Kapitalizm yıkılana kadar ya mücadele ya mücadele!
“sayılar bebelerin kundakları
sayılar tabutları şehirlerin
öldürülmüş
öldürülebilecek olan
sayılar yaklaşan bir şeyleri bildirir
sayılar bildirir uzaklaşan bir şeyleri”
-Nazım Hikmet
Her çağ kendi neslini yetiştiriyor. Her nesil içinden geçtiği çağın gerçeklerini yaşayarak öğreniyor. Ve tarihin her sayfasında; reva görülene boyun eğen değil, içinde yaşamak istediği ülkeye ve dünyaya varmak arzusuyla savaşan gençlerin mücadelesi yazıyor.
Biz gençler, emperyalist devletlerin insanların tepesine yanı başımızda bombalar yağdırdığı, ırkçılığın ve mezhepçiliğin kardeşi kardeşe düşman ettiği, milyarlarca insanın açlıkla boğuştuğu ve binlercesinin yaşanabilir bir hayat uğruna uluslararası denizlerde boğulduğu bir çağda yaşıyoruz.
Biz gençler, üniversiteleri karakola, fabrikaları ve iş yerlerini birer çalışma kampına, meclisi kuruluşunun 100. yılında zincire vurulmuş bir tiyatroya, memleketi dünyanın dört bir yanında terör estiren emperyalistlerin sığınacak güvenli limanına çeviren bir istibdad rejiminde yaşıyoruz.
Son dönemde ise bu yozlaşmış dünya düzeninin ne kadar aciz olduğuna, emekçi halklar için ölümcül olabileceğine, bugünümüzü ve geleceğimizi nasıl karartabileceğine çarpıcı bir şekilde tanık oluyoruz.
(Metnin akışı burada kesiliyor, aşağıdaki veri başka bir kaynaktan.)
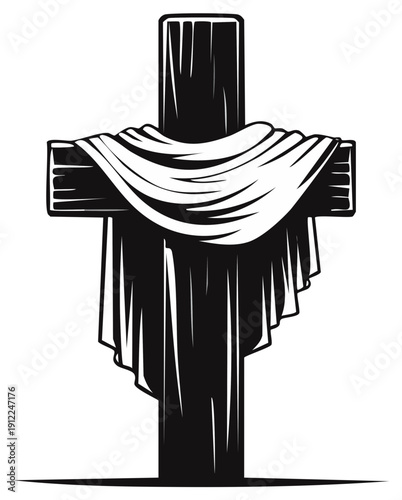 Religious Cross Covered in White Cloth a Symbol of Christianity Faith Hope and Sacrifice
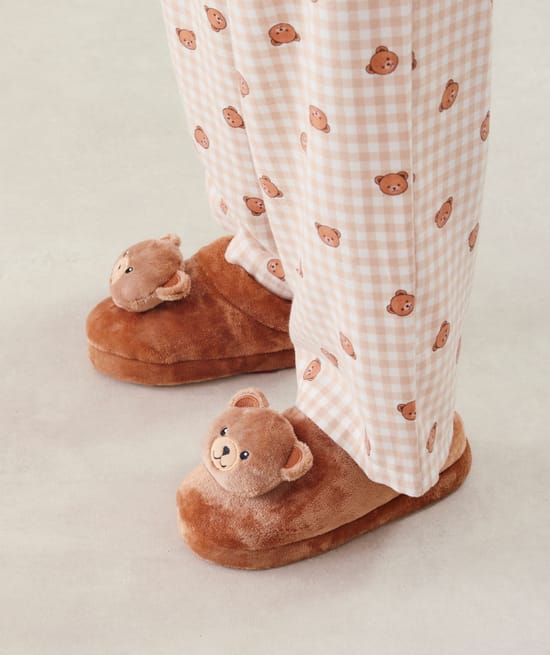 Chaussons polaire ourson;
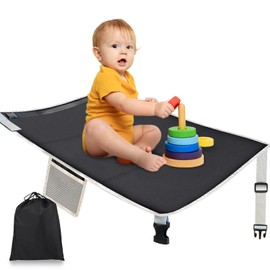Toddlers Portable Foot Rest Travel Bed Airplane Travel Accessories for Kids Hammock for Flights Leg Rest for Kids (Black)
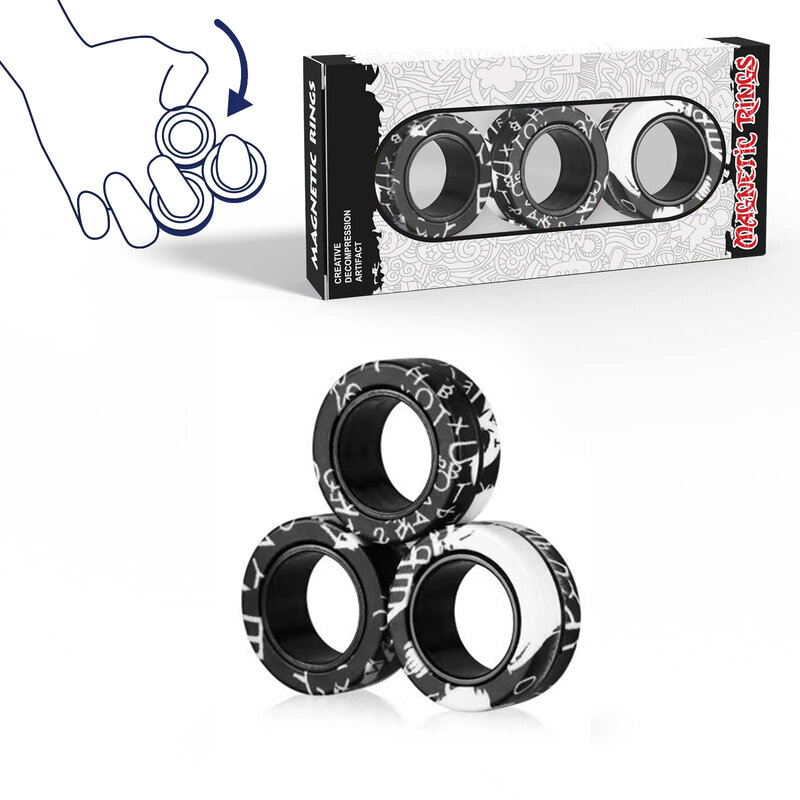 Yishidany 3Pcs Vinger Magnetische Ringen Kleurrijke Fidget Speelgoed Set Volwassen Magneten Spinner Ringen Voor Stress Angst Relief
Dünyayı sarsan koronavirüs salgını yüz binlerce insanın canını aldı ve hızla yayılmaya devam ediyor. Kapitalist devletlerin vaka ve ölüm sayıları birbiriyle yarışıyor. Dünyanın bütün kaynaklarını sömürerek zenginleşen emperyalistler, virüse karşı kendi ülkelerinde ne sağlık emekçilerinin ne de halkın güvenliğini sağlayabiliyor. Üç binden fazla insanın öldüğü Türkiye’de ise istibdad rejimi, halka Avrupa’yı ve ABD’yi göstererek adeta ölümü gösterip sıtmaya razı etmeye çalışıyor. Halkın sağlığı için alınması gereken önlemler, ekonomi tahminlerinin ve maliye politikalarının süzgecinden geçiyor. Ekonomik büyümenin sayılarla ifade edildiği bu düzende, ölümler de aynı veri havuzu içerisinde sayılarla ifade ediliyor.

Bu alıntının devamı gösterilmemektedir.